CoursesSOPSIntermediate

Formats & integrations

YAML, JSON, env, binary; tooling.

Intermediate10 min · lesson 8 of 12

SOPS is format-aware and partial-encrypts YAML, JSON, and .env and ini files natively (understanding their structure to encrypt only values), and can encrypt arbitrary binary files as an opaque blob when structure does not apply. This breadth is why it slots into so many workflows — Kubernetes manifests and Helm values (YAML), Terraform tfvars (JSON), app .env files, and dotfiles all work. The format determines whether you get the readable-structure benefit or a fully-opaque encryption.

terminal
$ sops -e --age $PUB secrets.json > secrets.enc.json # JSON: values encrypted
$ sops -e --age $PUB .env > .enc.env # env file: VALUES encrypted
$ sops -e --age $PUB --input-type binary keystore.jks > keystore.enc # opaque blob

Integrations

A rich ecosystem consumes SOPS files. Helm has a secrets plugin (helm-secrets) that decrypts SOPS values at deploy. Terraform can read SOPS-encrypted data via a provider or an external data source. Kustomize decrypts via a KSOPS generator. Flux and Argo CD decrypt SOPS natively (the GitOps lesson).

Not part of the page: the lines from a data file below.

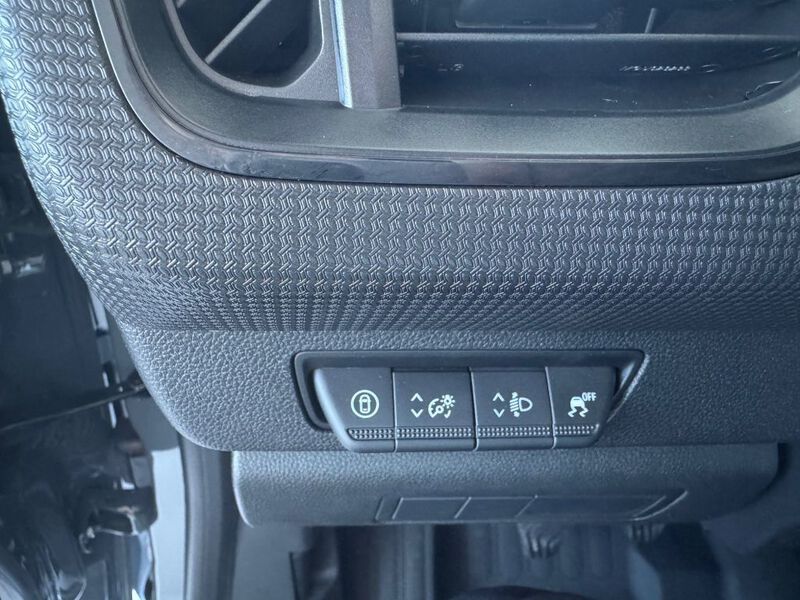 Fahrzeugabbildung Kangoo Rapid Advance L2 Blue dCi 95 MY24 Bild 14 von 15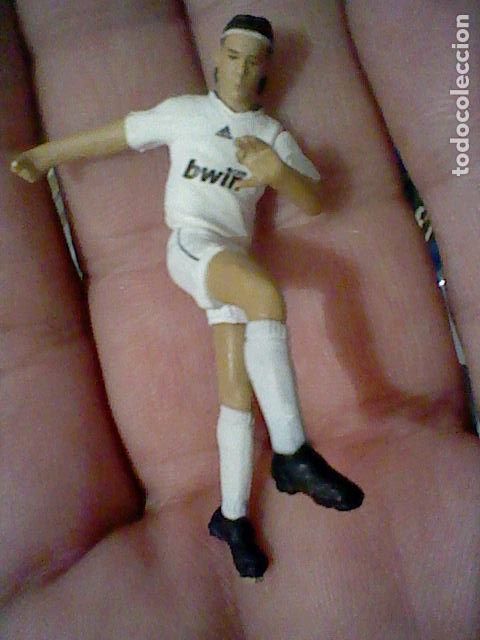 Coleccionismo deportivo: SERGIO RAMOS REAL MADRID FIGURA PVC MUY DETALLADA MINIATURA 5 CMS ALTO *
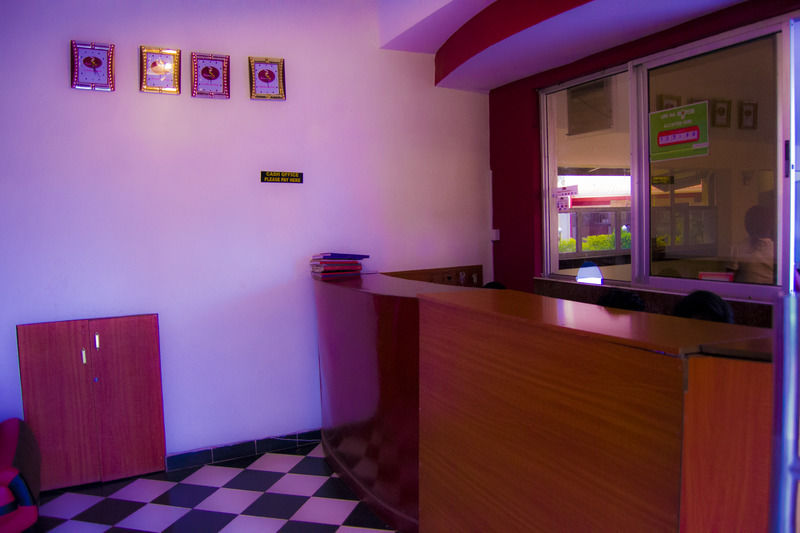 Royal City Dubai Complex Kisumu Exterior photo
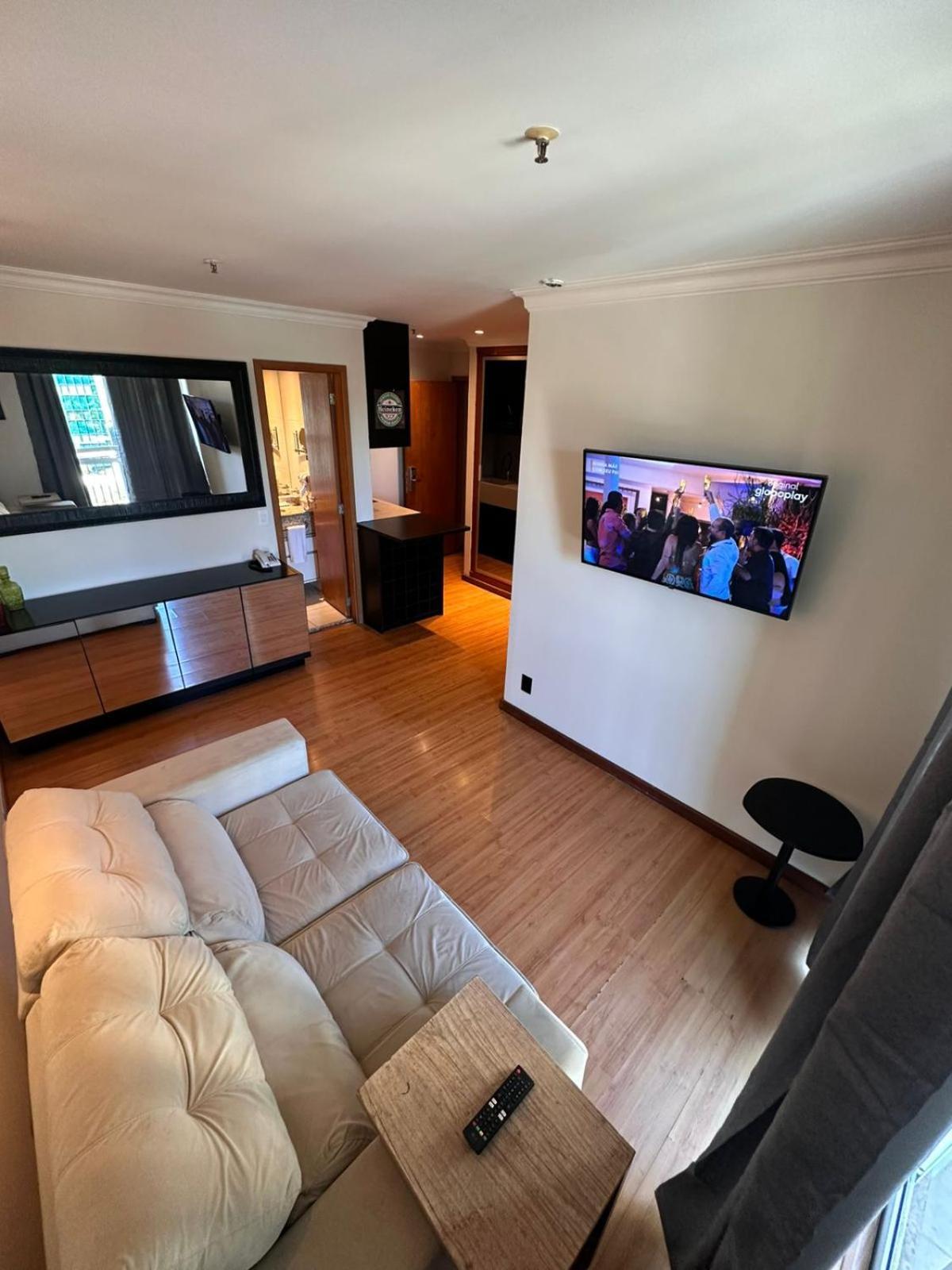 Barra Da Tijuca - 508 - De Frente Para Maravilhosa Piscina - Estacionamento Gratuito - Academia Comphania Atletica - Balsa Para Praia Gratis - Microondas - Geladeira Grande - Recepcao 24Horas - Wi-Fi - Com Pia Rio de Janeiro Buitenkant foto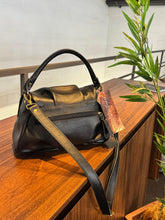 Carregar imagem no visualizador da galeria, Bolsa BOLÍVIA em couro legítimo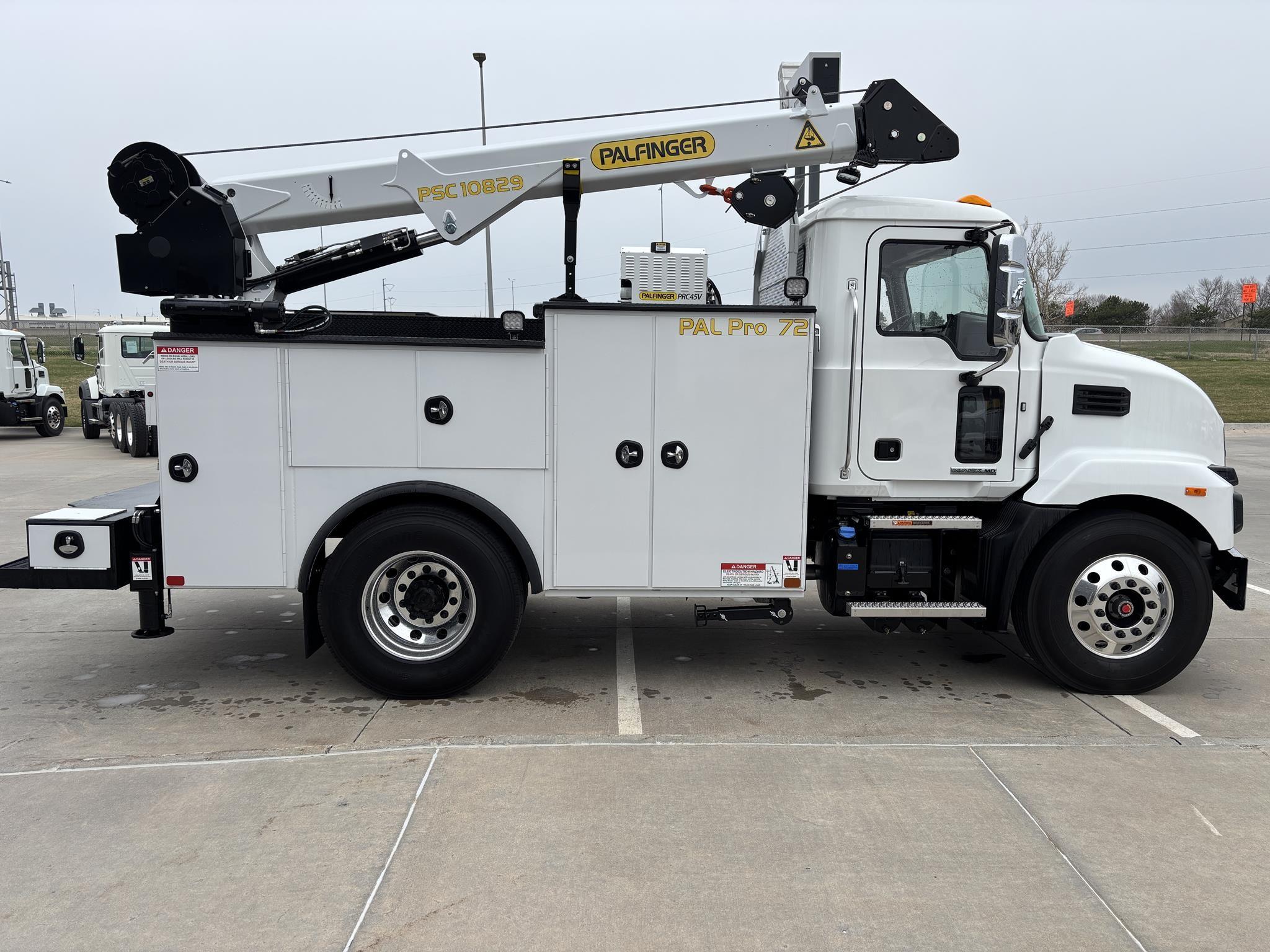 2026 Mack MD — photo 6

And exec-env / exec-file let you inject decrypted secrets into a process’s environment for a command — sops exec-env secrets.enc.yaml ’./app’ — without ever writing plaintext to disk.

terminal
# run a process with decrypted secrets in its environment, no plaintext file on disk
$ sops exec-env secrets.enc.yaml 'node server.js'
# helm: helm secrets install app ./chart -f secrets.enc.yaml
exec-env is safer than writing a decrypted file
When feeding secrets to a process, prefer sops exec-env / exec-file (which inject decrypted values into the environment or a temp file only for the command’s lifetime) over sops -d > secrets.plain, which leaves a plaintext file on disk that can be forgotten, backed up, or committed. Minimize how long and how widely plaintext exists; the exec- helpers exist precisely to avoid a lingering decrypted file.